Plane stowaway gets jail for probation violation
LOS ANGELES -- A woman who authorities say flew from San Jose to Los Angeles without a ticket was sentenced to jail Wednesday after admitting she violated her probation by returning to the LA airport.
Marilyn Jean Hartman, 62, was sentenced to 177 days in jail for going back to the Los Angeles International Airport last week and wandering through the terminals after a judge ordered her to stay away from the facility, said Frank Mateljan, spokesman for the LA city attorney’s office.
Hartman previously made repeated attempts to sneak aboard flights at other airports, according to authorities.
Airport police spotted her at LAX without a ticket last Thursday, a day after a judge placed her on probation for two years for sneaking aboard the Southwest Airlines flight from San Jose to Los Angeles.
At the Mineta San Jose International Airport, Hartman had tried at least three times to get to a plane before she finally went past a security screener who was busy checking a family’s documents, law enforcement officials said.
Her boarding status was discovered once the Southwest flight landed in Los Angeles, the officials said.

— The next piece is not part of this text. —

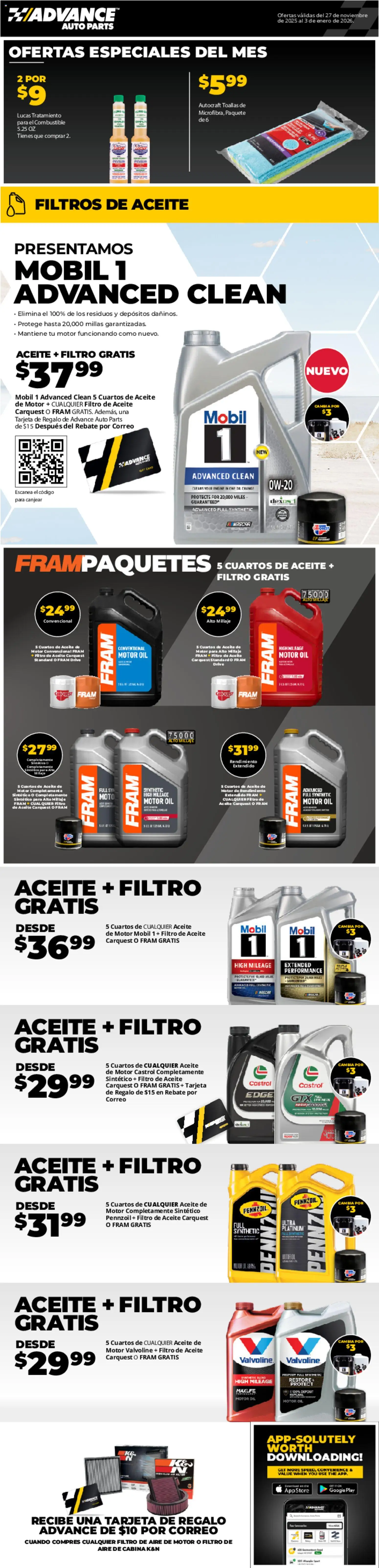 Advance Auto Parts Weekly Ad - Spanish - page 1- valid from 11/27/2025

Hartman later pleaded no contest to a misdemeanor count of willfully and unlawfully entering Los Angeles as a stowaway on an aircraft. A judge ordered her to stay away from LAX unless she had a valid ticket.
Outside the courthouse last week, Hartman said she would never try to sneak onto a plane again. "It was stupid, and it is something I don’t want to repeat," she said.
But Airport Police Chief Patrick Gannon said he had a feeling the woman "with a fixation on flying" would return to LAX, so police passed out fliers with her picture.
In February, Hartman was sentenced to 18 months’ probation in San Mateo County after being arrested for attempting to board three Hawaii-bound flights at the San Francisco International Airport on three separate days.
Her breach of security at the San Jose airport caused federal officials and the airline to launch investigations. It also prompted criticism of the airport in light of the trespassing of a teenage boy who stowed away in the wheel well of a Hawaiian Airlines flight and survived the arduous journey to Maui.